Depressed souls populate ‘The Pracht Inn’

‘The Pracht Inn’ movie (photo credit: PR)
‘The Pracht Inn’ movie
(photo credit: PR)
The film The Pracht Inn is a dour, earnest adaptation of Aharon Appelfeld’s novel Night after Night. It’s about a group of people who have experienced a great deal of suffering and who are deeply depressed. While many of the characters are interesting, the movie reflects their depressed mood all too well. However, anyone who has lived in Israel for any length of time will recognize younger versions of their elderly neighbors in this film.
The movie is about a very quirky group of residents of the titular boarding house in Jerusalem. They are Holocaust survivors who both bond and bicker. The can’t shake off their memories and see moving on and building new lives in Israel as abandoning their past and letting go of their loved ones who didn’t make it. In the Pracht Inn, they find a microcosm of the European world they left behind, ruled by the cold and unforgiving Mrs. Pracht (Michaela Eshet), whose meanness reminds them that although they have escaped the concentration camps, they still have to cope with cruelty and injustice.
The central character is Manfred (Tzahi Grad). A widower, he has some money from selling his apartment. But instead of giving it to his grown son or spending it on Tzila (Yael Toker), a woman he has just started seeing, he wants to donate it to the fund for the preservation of Yiddish culture run by the boarders at the Pracht Inn. He hurts his son and girlfriend by insisting that all he cares about is Yiddish, although he doesn’t seem to be particularly interested in literature. He is stubborn and cold. His son loves animals and is trying to start an animal shelter, but Manfred dismisses the dream as nonsense.
Manfred has a daughter who has some kind of mental disability and lives in an institution near the sea, and his tender side seems to come out only on the rare occasions when he sees her.
The other residents at Pracht are a bit livelier. Kirtzel (Vladimir Friedman) is a hard-drinking artist who lives with his favorite model (Sigalit Fuchs). Another young woman was raised in a convent in Germany and only found out she was Jewish after the war ended.

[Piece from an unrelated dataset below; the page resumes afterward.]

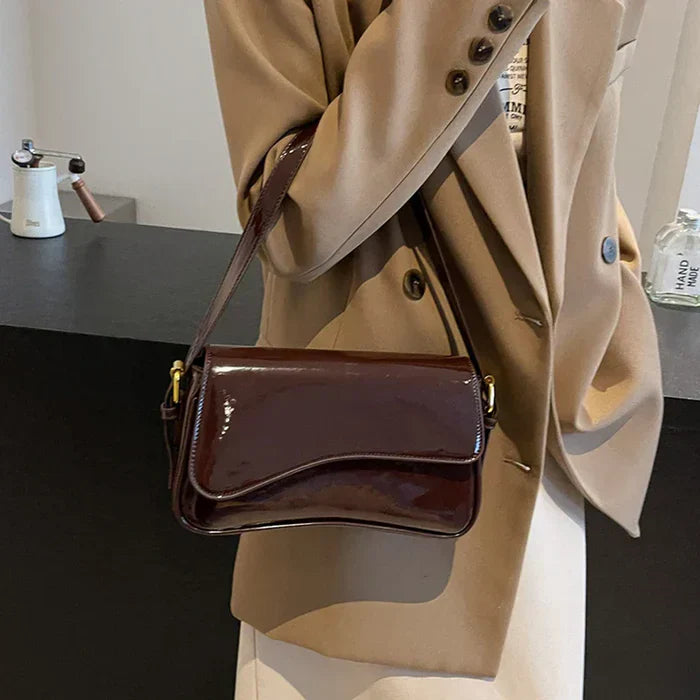 SADDIE - Stylish and Versatile Accessory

She still loves Jesus, even though she is pregnant by one of the boarders. Marina Maximilian Blumin plays a sexy torch singer at the coffee shop where the boarders gather.

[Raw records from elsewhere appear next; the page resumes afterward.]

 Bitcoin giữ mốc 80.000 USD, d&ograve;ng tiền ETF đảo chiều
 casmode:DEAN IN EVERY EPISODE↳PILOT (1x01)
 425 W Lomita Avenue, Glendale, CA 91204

The boarders all suffer from insomnia and pass their nights playing cards and drinking. All of them are united against Mrs.
Pracht, who is dead set against their having any fun. Behind her back, they acquire dozens of Yiddish books, which she sees simply as a breeding ground for vermin. The conflict between Mrs.

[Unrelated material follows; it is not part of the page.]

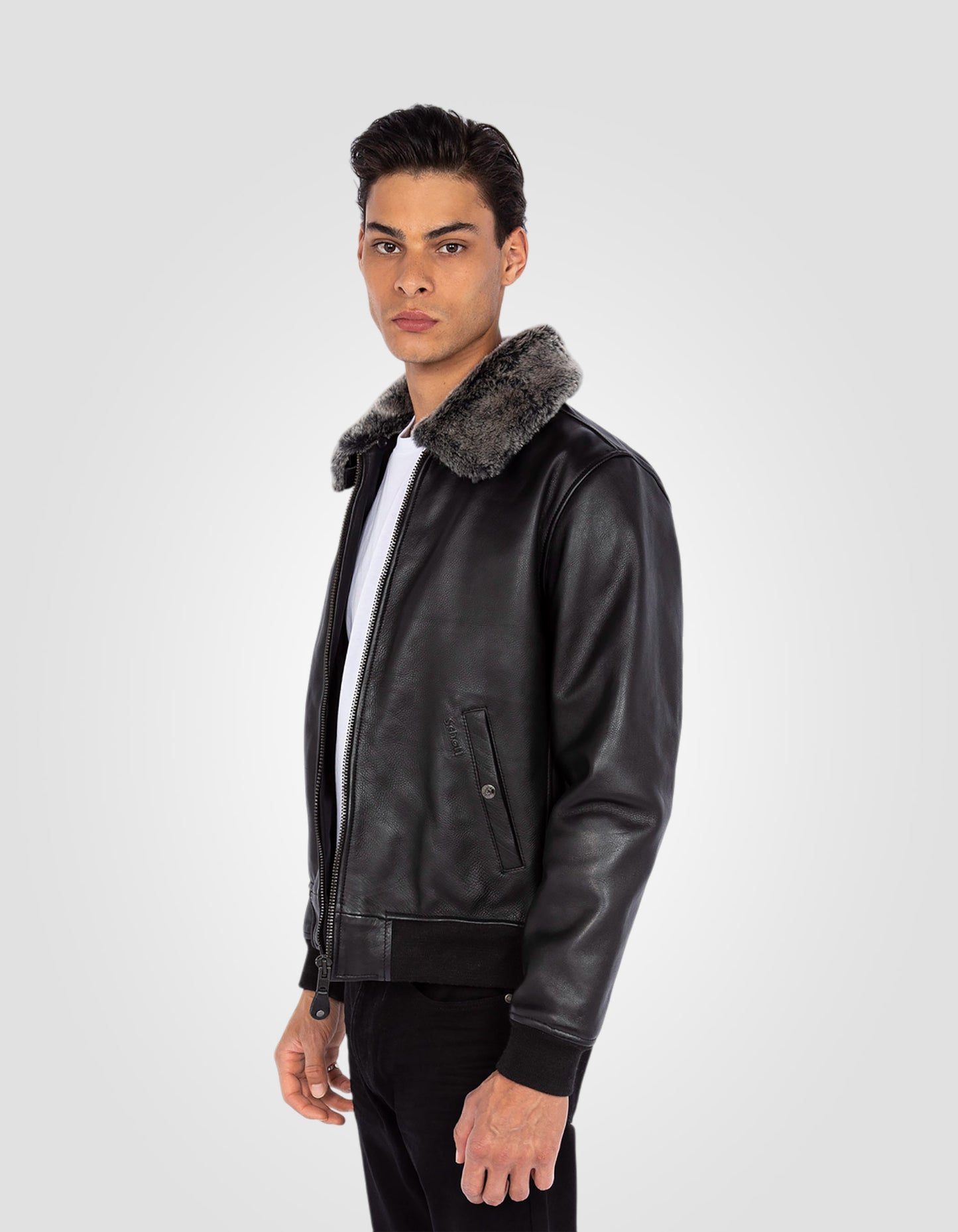 Blouson pilote, cuir de vachette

Pracht and the boarders gradually escalates into violence.
The film is set in a bygone era, when many people had little more than their reparations to pay their bills, and even a boarding-house owner such as Mrs. Pracht is broke. The boarders’ passion for Yiddish is both a real love for their mother tongue and a desire to hold on to their identity, to be the people they were before the war.
Although the actors are all quite good, the characters aren’t fully realized. Appelfeld reveals his protagonists’ inner lives in his novels, but in the movie we don’t really get to know them from the inside out. They are types more than people.
Still, several actors shine in their roles. Michaela Eshet, who made such a strong impression as the widowed mother in Joseph Cedar’s 2004 film Campfire has appeared in just a few movies during the past decade. She imbues Mrs.
Pracht with a quiet intensity, and her soft voice makes her utterances even more hateful.
Vladimir Friedman is enjoyably outrageous as the painter.
Tzahi Grad gives a glum performance in a glum role. While a cold, dull man can be the subject of a lively movie, it takes a great deal of artfulness to pull this off. The writer/director Yarom, who has previously made short films and documentaries, clearly has talent, but she has chosen a very difficult literary adaptation for her first feature film.